Now it seems like Kitty is also having EIB. But I can't figure out why it doesn't bother her during soccer, but it does now during track. I wonder if it makes a difference because she is playing in the spring. She has horrible allergies and has already completed 6 years worth of allergy shots. (And she STILL sneezes nonstop.)

Another thing I have been thinking about is that with soccer, she may be running in short bursts, and can then rest. In track, she is running the mile. So, it seems like if she exercises for a longer period of time, it is harder on her body (and her lungs.)

Asthma Doc changed her medicine a little, so we'll see if that makes a difference. I told her to make sure she uses her inhaler before she runs. It seemed to help last time.

Just when you think you have asthma figured out, it throws a curve ball.

Tuesday, April 7, 2015

Breathing problems in man and beast

We drove to visit family for Easter weekend, and they had a sick dog. Earlier in the week, the dog had a fever, the shakes, and was coughing.  Unfortunately, they decided that the dog was going bette and didn't need to go to the vet.

When we arrived, I heard the dog coughing and knew that wasn't right. (I'm used to hearing people cough - since my three kids and I all have asthma.) But it was different hearing a dog cough. I picked him up and could tell he had a fever. 

I decided that we needed to take him to the vet. Of course, it was Saturday - which meant that the only place open was the emergency after hours pet clinic. We joined several other miserable dogs and one very annoyed cat in the waiting room.
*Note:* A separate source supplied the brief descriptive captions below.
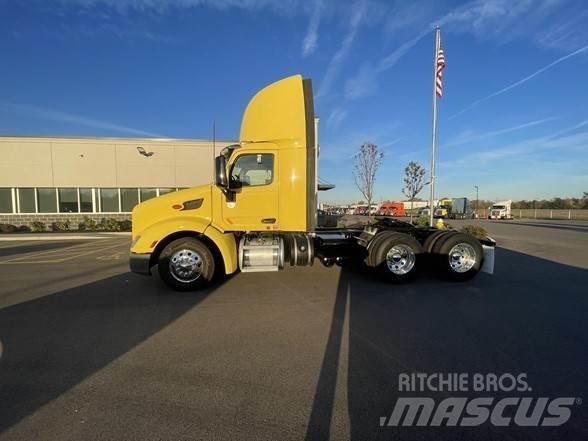 Peterbilt 579 Седельные тягачи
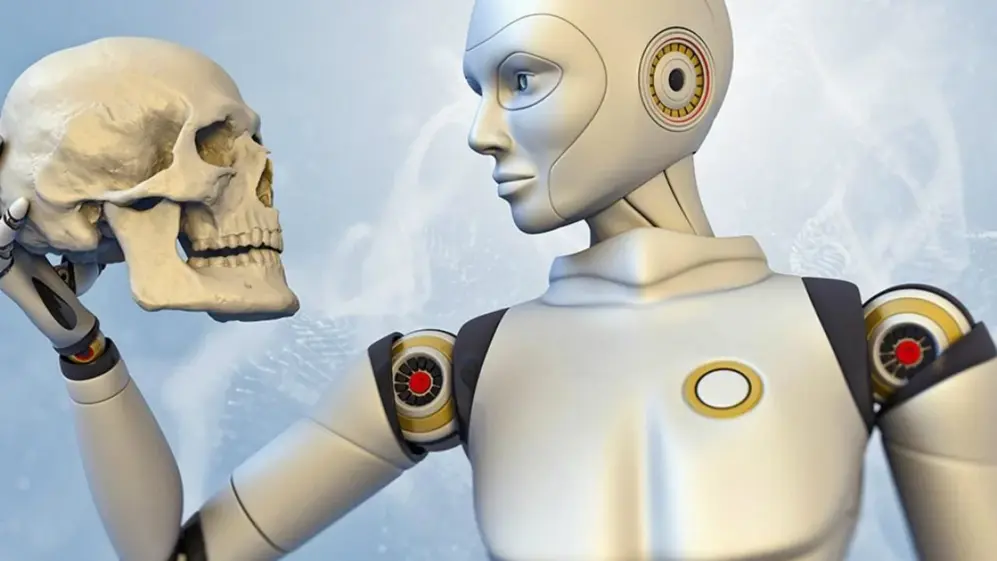 La inteligencia artificial se convertirá en una amenaza al darse cuenta de su propia existencia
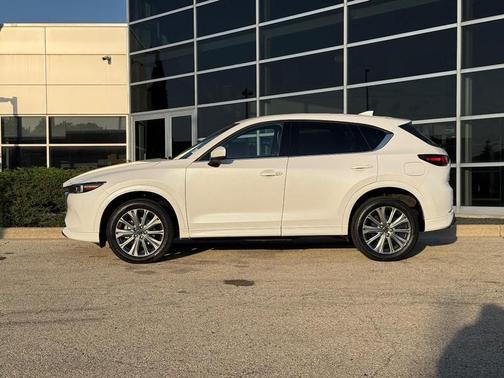 2022 Mazda CX-5 Signature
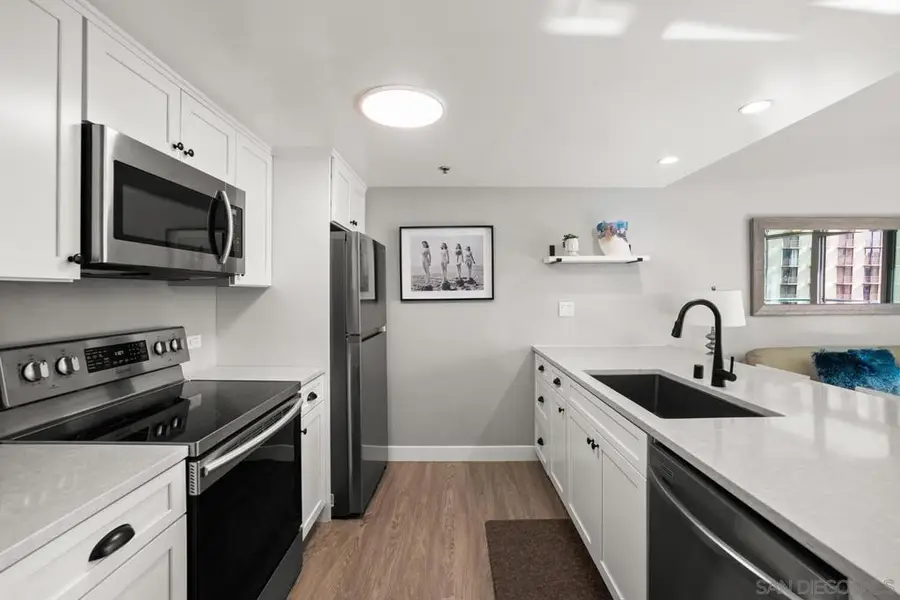 425 W Beech St #603, San Diego, CA 92101 - #2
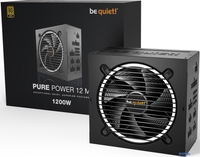 Блок питания be quiet! Pure Power 12 M 1200W BN346 - фото2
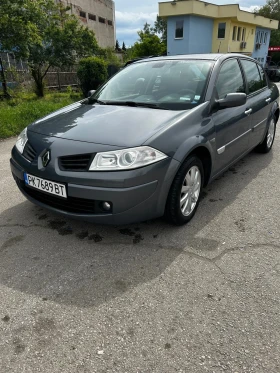  Renault Megane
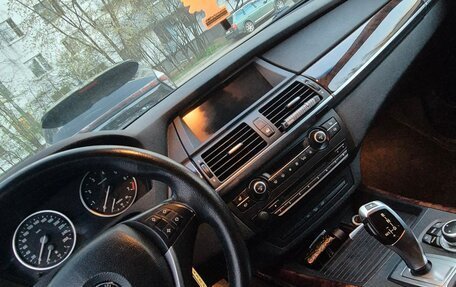 BMW X5, 2008 год, 1 250 000 рублей, 9 фотография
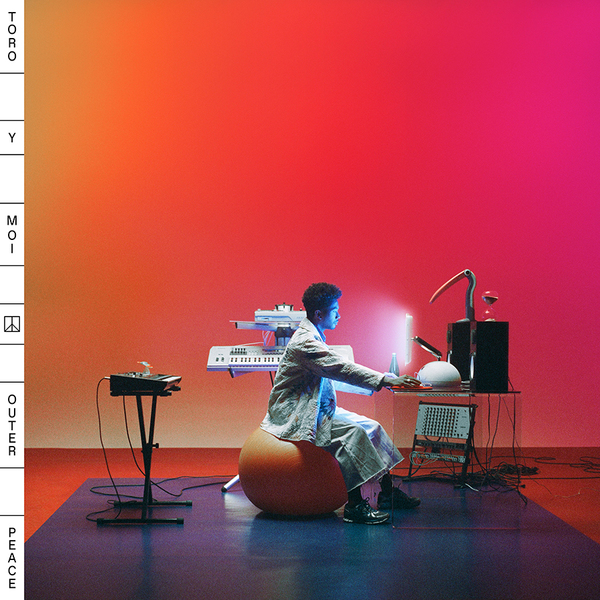 Toro y Moi — Laws Of The Universe cover artwork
We Googled "coughing dog" and Kennel Cough came up as a possible diagnosis. It made sense because he had been at the pet groomer the week before, so he probably picked up the illness there. (Just like when people pick up colds and flu from school and work.)
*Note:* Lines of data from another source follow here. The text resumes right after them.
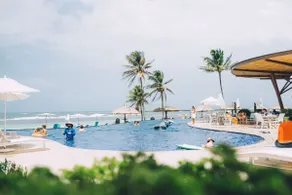 Private Beach | 7 guests · 3 rooms · Ocean View - Image 2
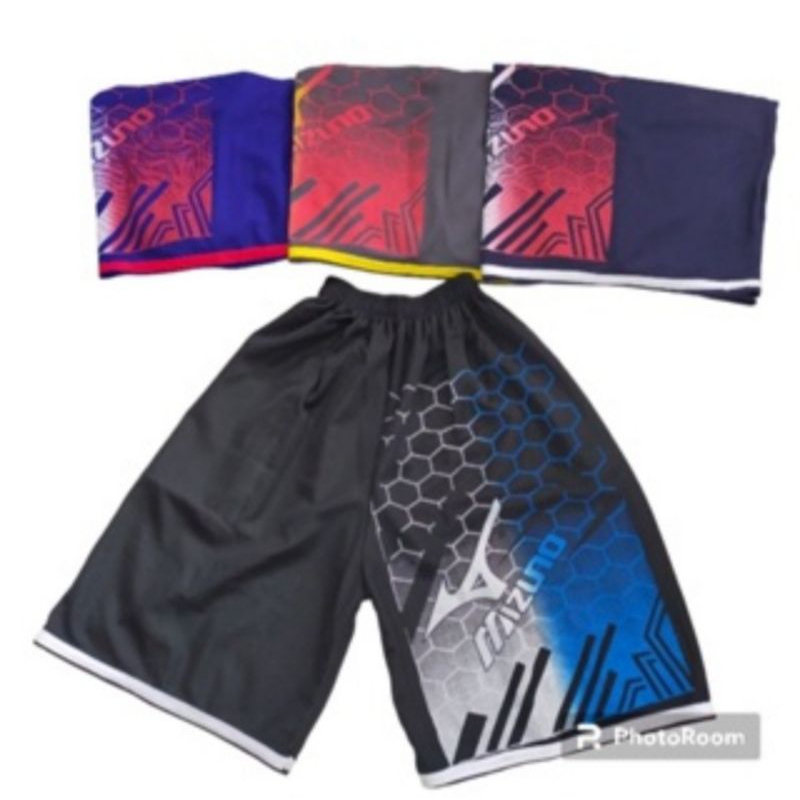 Celana Pendek Pria Sport Unisex Dewasa Mizuno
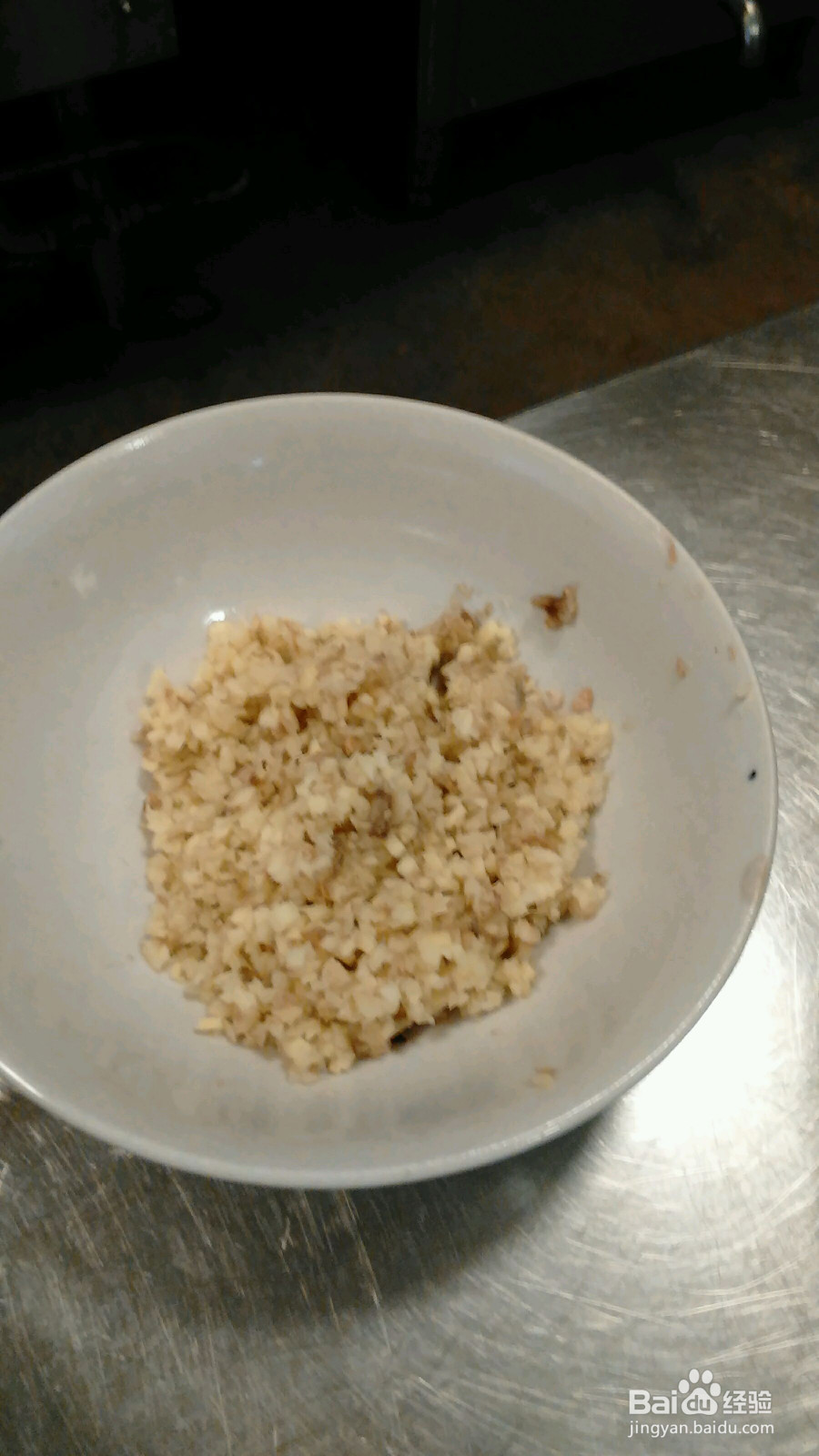 香菇芹菜锅贴的做法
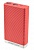 Универсальный внешний аккумулятор 7800 мАч Robiton Power Bank Li7.8-R красный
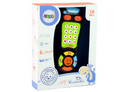 Interactive TV remote control for toddlers MUSICAL EDUCATIONAL PILOT-4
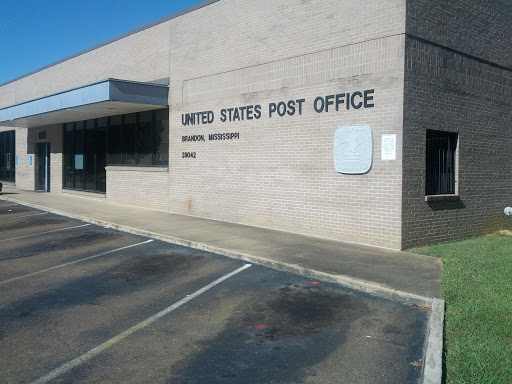 Brandon Post Office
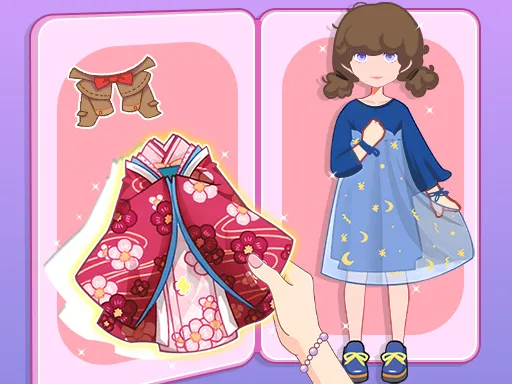 Amazing Paper Doll Diary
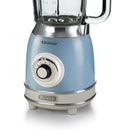 Liquidificador Vintage Azul Copo de Vidro 1,5L 127V 1000W Ariete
The vet said the dog did have Kennel Cough and would need an injection. "Ah, Decadron?" I asked the vet. He suddenly stopped and looked at me with the shot needle in his hand- he seemed a little shocked. "I have asthma, as do all three of my kids - and they have been hospitalized 12 times. So, I am VERY familiar with Decadron and Solu-Medrol. " 
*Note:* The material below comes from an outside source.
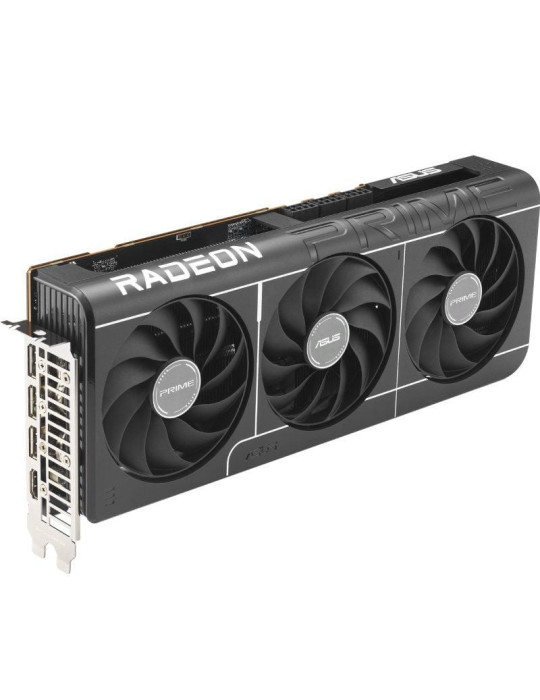 Tarjeta Gráfica Asus Prime Radeon RX 9070 XT OC/ 16GB GDDR6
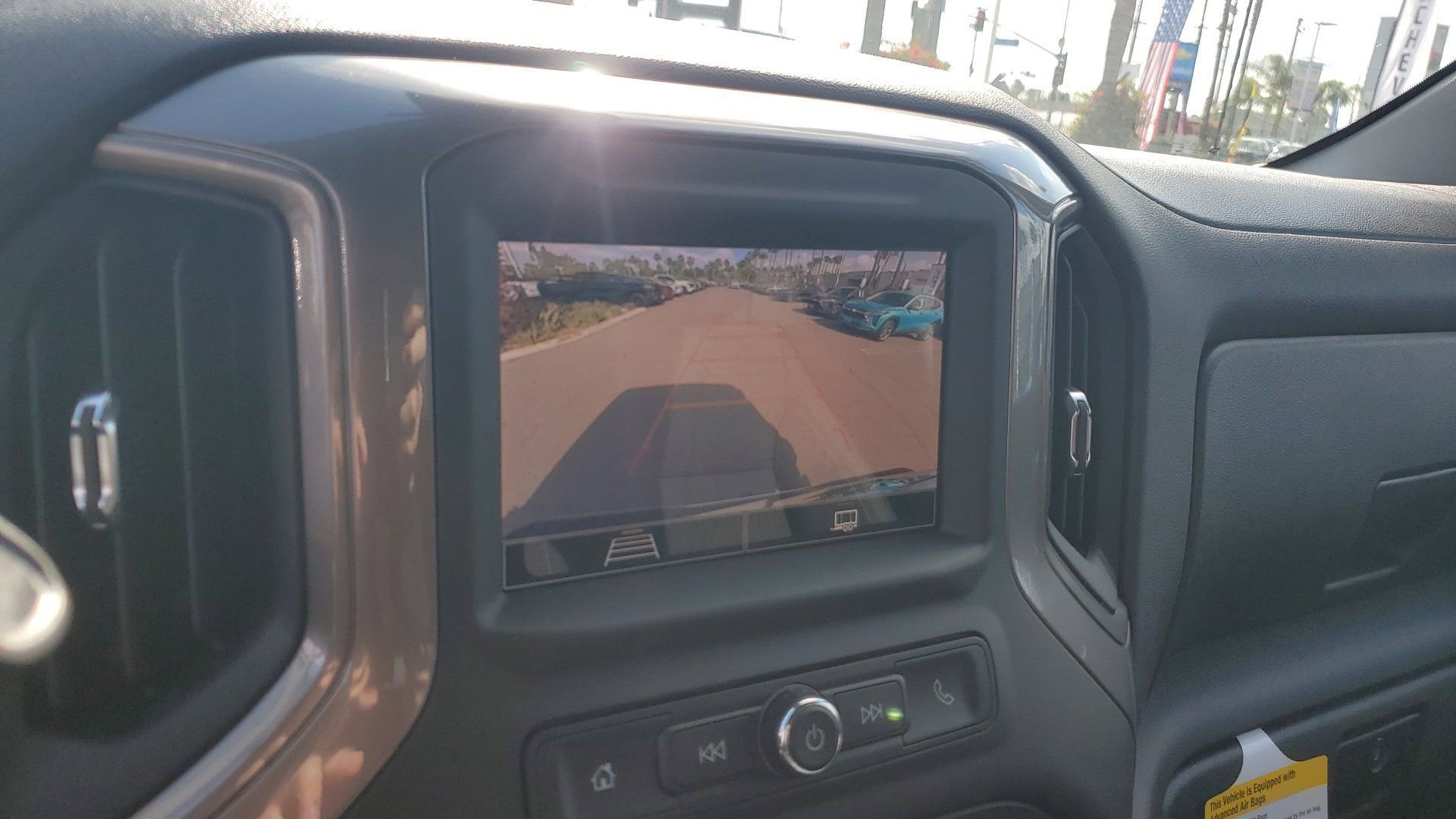 2025 Chevrolet Silverado 1500 Custom photo 28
My kids would get a steroid shot (Decadron) to reduce the swelling in the lungs. If that didn't work, they would end up in the hospital and get a steroid IV (Solu-Medrol) that would also help to reduce the swelling in the lungs.

 The doctor said yes, this was a steroid shot and that the dog would also need an antibiotic and cough medicine.

I had to laugh, and said to my husband, "this is just like having another kid!" We are once again at the after hours doc, who is caring for our loved one because they are having a hard time breathing.  Only this time our loved one was a dog!

So, when we went back home, it was easy to explain to family the treatment the dog received at the vet and that now we needed to watch him for pneumonia. (That was the cause of the majority of my kid's hospitalizations.) 

It's interesting that people and animals can have the same (or similar) illnesses and have the same treatment plan too. Only, we can't tell the dog to make sure that he covers his mouth when he coughs and that he needs to remember to wash his hands and not touch his face (to avoid the spread of germs!)